Friday, August 19, 2011

Money Back Health Insurance Plan.by IndiaFirst Life Insurance


IndiaFirst Life Insurance, a joint venture between Bank of Baroda and Andhra Bank along with UK's Legal & General, has announced its foray into the health insurance market with the launch of IndiaFirst Money Back Health Insurance Plan. 


A substantial part of the premium you pay is actually credited into your policy account and this money is invested in various funds as per your choice to get you optimum returns.

This money accumulates in your account and comes back to you at the end of the policy. What's more, you can also use this amount anytime if you need to cover hospital expenses that are beyond the insurance limits or not payable under this policy.

The plan is a long term plan for 5 or 10 years and offers dual tax benefit of Section 80C and 80D, under the current tax laws.

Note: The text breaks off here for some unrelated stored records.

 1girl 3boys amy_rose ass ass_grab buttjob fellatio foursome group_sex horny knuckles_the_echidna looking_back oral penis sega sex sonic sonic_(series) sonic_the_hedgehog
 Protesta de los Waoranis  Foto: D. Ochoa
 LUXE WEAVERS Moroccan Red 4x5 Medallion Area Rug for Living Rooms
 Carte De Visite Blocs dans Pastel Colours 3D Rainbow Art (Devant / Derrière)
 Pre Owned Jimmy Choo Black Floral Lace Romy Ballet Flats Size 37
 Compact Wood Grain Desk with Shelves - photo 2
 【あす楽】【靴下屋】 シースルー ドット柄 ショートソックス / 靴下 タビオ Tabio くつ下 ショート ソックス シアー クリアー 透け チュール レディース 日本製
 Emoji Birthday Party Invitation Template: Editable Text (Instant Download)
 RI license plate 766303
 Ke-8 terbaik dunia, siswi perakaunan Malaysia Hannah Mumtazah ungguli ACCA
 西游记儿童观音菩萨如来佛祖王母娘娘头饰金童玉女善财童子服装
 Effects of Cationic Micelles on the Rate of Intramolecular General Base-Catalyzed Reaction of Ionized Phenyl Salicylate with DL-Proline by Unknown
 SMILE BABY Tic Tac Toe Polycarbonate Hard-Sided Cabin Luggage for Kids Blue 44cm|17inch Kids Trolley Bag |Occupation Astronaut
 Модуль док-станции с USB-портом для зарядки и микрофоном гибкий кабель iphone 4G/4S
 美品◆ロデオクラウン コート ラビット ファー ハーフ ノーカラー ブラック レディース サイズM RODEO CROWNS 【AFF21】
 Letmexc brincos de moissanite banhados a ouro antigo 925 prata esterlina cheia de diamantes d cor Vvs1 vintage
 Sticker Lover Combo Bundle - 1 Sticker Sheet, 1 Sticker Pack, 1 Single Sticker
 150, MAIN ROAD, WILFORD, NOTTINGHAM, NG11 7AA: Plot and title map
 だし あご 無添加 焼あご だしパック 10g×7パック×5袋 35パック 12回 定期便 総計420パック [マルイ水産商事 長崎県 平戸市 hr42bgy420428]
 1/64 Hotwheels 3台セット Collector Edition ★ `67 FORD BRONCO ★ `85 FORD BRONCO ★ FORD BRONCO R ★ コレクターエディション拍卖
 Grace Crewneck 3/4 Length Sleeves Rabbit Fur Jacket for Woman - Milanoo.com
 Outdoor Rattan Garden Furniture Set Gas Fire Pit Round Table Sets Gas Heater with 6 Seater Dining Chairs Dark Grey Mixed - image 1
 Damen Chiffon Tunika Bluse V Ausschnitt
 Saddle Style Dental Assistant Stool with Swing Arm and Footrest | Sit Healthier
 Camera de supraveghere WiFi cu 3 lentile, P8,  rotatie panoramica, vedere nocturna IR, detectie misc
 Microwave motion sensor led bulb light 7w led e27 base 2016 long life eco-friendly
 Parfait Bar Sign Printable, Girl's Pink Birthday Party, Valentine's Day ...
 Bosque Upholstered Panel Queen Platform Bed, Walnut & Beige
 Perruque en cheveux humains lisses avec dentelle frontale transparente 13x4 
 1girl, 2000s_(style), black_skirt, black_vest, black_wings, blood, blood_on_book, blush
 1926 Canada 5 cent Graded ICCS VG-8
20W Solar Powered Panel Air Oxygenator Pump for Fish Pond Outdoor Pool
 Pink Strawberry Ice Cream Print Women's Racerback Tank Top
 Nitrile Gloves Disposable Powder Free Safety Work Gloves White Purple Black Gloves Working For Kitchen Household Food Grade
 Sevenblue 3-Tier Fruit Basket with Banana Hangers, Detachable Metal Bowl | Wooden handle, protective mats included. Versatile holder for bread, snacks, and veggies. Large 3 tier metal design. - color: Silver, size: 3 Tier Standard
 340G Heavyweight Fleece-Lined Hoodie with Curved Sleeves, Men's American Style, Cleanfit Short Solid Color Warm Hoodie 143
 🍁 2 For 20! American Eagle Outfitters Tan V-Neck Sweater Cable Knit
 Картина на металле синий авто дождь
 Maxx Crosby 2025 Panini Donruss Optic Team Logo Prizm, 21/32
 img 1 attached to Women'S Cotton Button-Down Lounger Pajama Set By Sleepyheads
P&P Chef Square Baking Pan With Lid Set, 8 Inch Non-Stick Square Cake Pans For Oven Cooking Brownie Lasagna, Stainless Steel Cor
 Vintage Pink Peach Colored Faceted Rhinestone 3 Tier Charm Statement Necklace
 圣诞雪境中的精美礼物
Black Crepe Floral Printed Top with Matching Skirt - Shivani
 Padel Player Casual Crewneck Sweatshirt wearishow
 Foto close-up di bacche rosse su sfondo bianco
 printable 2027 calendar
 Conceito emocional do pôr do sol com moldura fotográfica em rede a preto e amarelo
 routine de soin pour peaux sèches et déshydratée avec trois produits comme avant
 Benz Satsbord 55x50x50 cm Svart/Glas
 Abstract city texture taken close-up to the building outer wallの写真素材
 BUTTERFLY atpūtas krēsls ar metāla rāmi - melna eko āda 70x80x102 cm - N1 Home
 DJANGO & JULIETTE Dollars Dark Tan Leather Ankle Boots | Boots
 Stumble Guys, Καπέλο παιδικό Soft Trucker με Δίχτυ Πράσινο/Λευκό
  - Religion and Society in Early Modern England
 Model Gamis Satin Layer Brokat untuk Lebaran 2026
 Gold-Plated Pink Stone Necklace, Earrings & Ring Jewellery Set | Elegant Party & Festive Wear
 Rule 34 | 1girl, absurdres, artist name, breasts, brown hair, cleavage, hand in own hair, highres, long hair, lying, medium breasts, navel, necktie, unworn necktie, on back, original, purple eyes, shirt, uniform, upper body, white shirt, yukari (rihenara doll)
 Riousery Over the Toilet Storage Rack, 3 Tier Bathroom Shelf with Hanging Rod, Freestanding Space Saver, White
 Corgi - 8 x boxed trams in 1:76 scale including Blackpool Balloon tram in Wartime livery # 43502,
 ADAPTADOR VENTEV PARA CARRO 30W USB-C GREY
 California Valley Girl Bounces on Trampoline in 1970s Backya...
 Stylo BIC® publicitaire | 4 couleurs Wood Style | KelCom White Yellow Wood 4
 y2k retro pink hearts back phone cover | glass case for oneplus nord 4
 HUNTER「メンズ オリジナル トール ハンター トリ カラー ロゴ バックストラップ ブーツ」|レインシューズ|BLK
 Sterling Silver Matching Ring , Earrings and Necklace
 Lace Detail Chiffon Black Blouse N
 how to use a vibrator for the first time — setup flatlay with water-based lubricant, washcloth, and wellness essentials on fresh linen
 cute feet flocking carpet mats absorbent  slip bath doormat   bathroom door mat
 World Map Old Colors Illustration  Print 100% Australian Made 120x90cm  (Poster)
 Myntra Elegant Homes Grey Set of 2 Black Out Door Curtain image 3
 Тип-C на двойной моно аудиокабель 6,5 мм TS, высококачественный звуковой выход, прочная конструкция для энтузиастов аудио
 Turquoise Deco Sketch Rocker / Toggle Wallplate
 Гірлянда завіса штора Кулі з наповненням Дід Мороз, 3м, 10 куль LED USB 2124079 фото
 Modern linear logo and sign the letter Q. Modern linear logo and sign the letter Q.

It offers the convenience of cashless treatment, cover for 195-day care procedures, re-imbursement of medical expenses for 30 days pre and 60 days post hospitalization, cover for the entire family (spouse, two children and two dependent parents) under one plan.

It is an indemnity-based plan - the insurer will reimburse the expenses incurred on hospitalization, subject to the sublimit and other conditions. You can choose between five fund options.

FEATURES: It is available as individual and family floater plans. The floater plan covers the policyholder, spouse, two children and two parents.


The policyholder will be the 'primary life assured', and others will be referred to as 'other life assured'. Upon the death of the 'primary life assured', the benefits are paid out and the policy ceases to exist.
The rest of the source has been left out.